Defendant can’t relitigate his motion to suppress in a 2255 which was decided on the merits on appeal without an IAC claim. United States v. Reed, 2012 U.S. Dist. LEXIS 61806 (N.D. Fla. March 8, 2012).*
The intrusion by detention was minimal here and led to consent, and defense counsel was not ineffective for not pursuing that ground because it would lose on the merits. Woodson v. State, 966 N.E.2d 780 Ind. App. 2012).*
Officers who entered after no answer to knocking at a door of the location of a disturbance call were entitled to qualified immunity. This was a reasonable response to a perceived need. They were inside two minutes. Burke v. Sullivan, 677 F.3d 367 (8th Cir. 2012).*
It isn’t required that the affiant actually viewed child pornography to get a search warrant, at least as long as somebody did and reported it to the affiant. It is not required to attach the photographs to the search warrant application. Even if some were computer generated images, there was still probable cause. United States v. Ranke, 480 Fed. Appx. 798, 2012 FED App. 0471N (6th Cir. 2012)*:
Next, Defendant argues that the affidavit was insufficiently detailed. He points out that the affidavit does not indicate how Detective Pitts determined that the images were of a minor and that Detective Pitts' description of a boy "apparently masturbating" suggests that he never actually viewed the images personally. Defendant claims these deficiencies were compounded when Detective Pitts failed to attach the images to the affidavit for the state court judge's independent review.

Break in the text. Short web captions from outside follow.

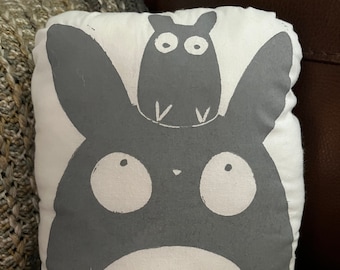 May include: A rectangular pillow featuring a gray cartoon character design on a white background. The design includes a large, round-eyed creature with a smaller creature perched on top. The pillow is resting on a textured, neutral-toned blanket.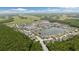 An aerial view shows a lake community surrounded by trees and field at 12026 Crestridge Loop, New Port Richey, FL 34655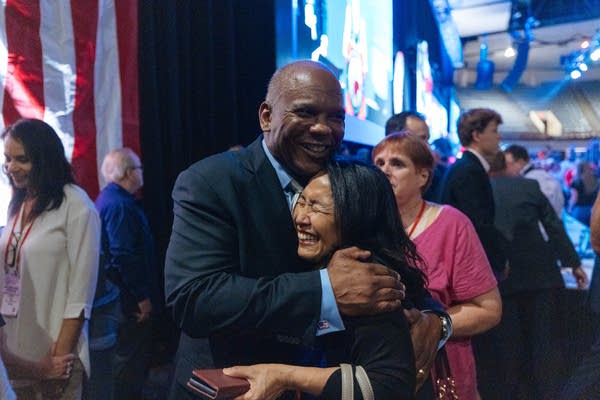 A man and woman hug backstage.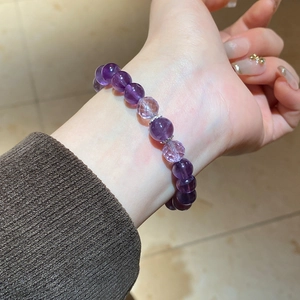 Detailed view of natural amethyst bead bracelet with faceted stones and silver spacers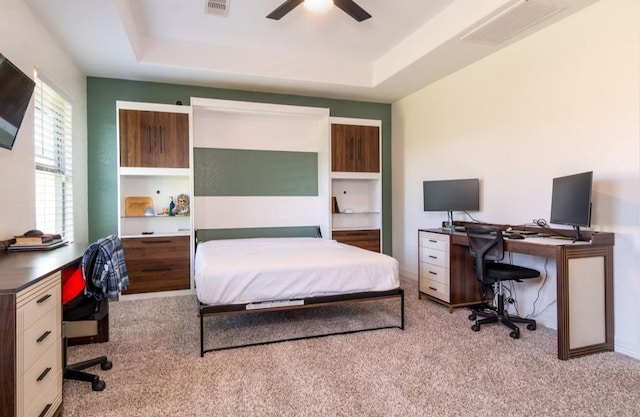 bedroom featuring light colored carpet, a raised ceiling, and visible vents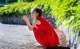 A woman in a red dress crouching down on the ground.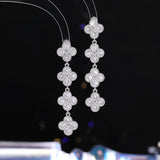 2025 High-end light luxury temperament lucky grass earrings s925 silver needle long tassel zircon fashion commuter flower stud earrings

The implication, to the extent one exists, that Detective Pitts never viewed the images personally, as well as his failure to attach the photographs to the search warrant affidavit, are both factors that should have played into the state court judge's probable cause analysis. However, neither precluded the judge from issuing the search warrant. First, an officer is entitled to rely on information supplied by other officers or agencies for the purposes of a search warrant affidavit, provided that the information and its sources are accurately described for the reviewing judge's independent evaluation. See United States v. Yusuf, 461 F.3d 374, 385, 48 V.I. 980 (3d Cir. 2006); United States v. Jenkins, 525 F.2d 819, 823 (6th Cir. 1975) (per curiam). Detective Pitts fulfilled that requirement when he provided an accurate description of the circumstances under which he "received information from federal authorities" regarding the greeting card, the accompanying photographs, and the incriminating evidence discovered in Brown's cell. Likewise, Detective Pitts' failure to attach the photographs themselves did not prevent the search warrant from being issued. A magistrate judge need not view all the evidence personally to make its decision, and the probable cause stage only requires an affidavit to show the "'probability or substantial chance of' possession of images of actual children; 'an actual showing' that the images depicted real children" is not required. Lapsins, 570 F.3d at 765 (citing Gates, 462 U.S. at 243 n.13).
Officers entered onto the curtilage of defendant’s property before they could smell a grow operation and hear the equipment. That was a Fourth Amendment violation, and it vitiated alleged consent and the good faith exception to a later warrant. United States v. Lopez, 2012 U.S. Dist. LEXIS 61707 (S.D. Fla. May 2, 2012):
Here the Court finds that the area within the Target Residence's metal fence and gates—and specifically the areas occupied by Officers Bartra, Rios, and Benavides at the time they smelled marijuana and heard the sounds of marijuana-grow-house equipment— constituted curtilage subject to fundamental Fourth Amendment protections. The area was close in proximity to the residence, was enclosed within the metal fence and contiguous gates, and was shielded by the fence's white paneling to block observation from outside. Although the driveway may have been used for ingress to and egress from the property, and although the driveway gate did not contain obstructive paneling, the closed, locked mechanical gate clearly delineated the driveway as a private area which visitors—and thus the investigating officers—were not expected to encroach. See, e.g., Edens v. Kennedy, 112 F. App'x 870, 875 (4th Cir. 2004); United States v. Hambelton, No. 1:08cr26-SPM, 2009 U.S. Dist. LEXIS 25139, 2009 WL 722284, at *4 (N.D. Fla. 2009). Moreover, although at one point Perez opened the gate so that he and Ricano could exit, one cannot say that this brief opening of the gate converted the driveway into only a semi-private area through which visitors were free to travel. See Fernandez v. State, 63 So. 3d 881, 884 (Fla. Dist. Ct. App. 2011) ("[T]he momentary opening of the gate for the defendant to leave was not an open invitation to the public, or by extension to the police, to enter. ... No salesman or visitor could have entered the enclosed curtilage during the momentary opening. The momentary opening of the gate for the express purpose of leaving did not alter the Dunn expectation-of-privacy factors.") The Court thus finds that the area from which officers first smelled marijuana constituted "curtilage" and that the officers' physical entry into that area implicated Defendants' Fourth Amendment protections.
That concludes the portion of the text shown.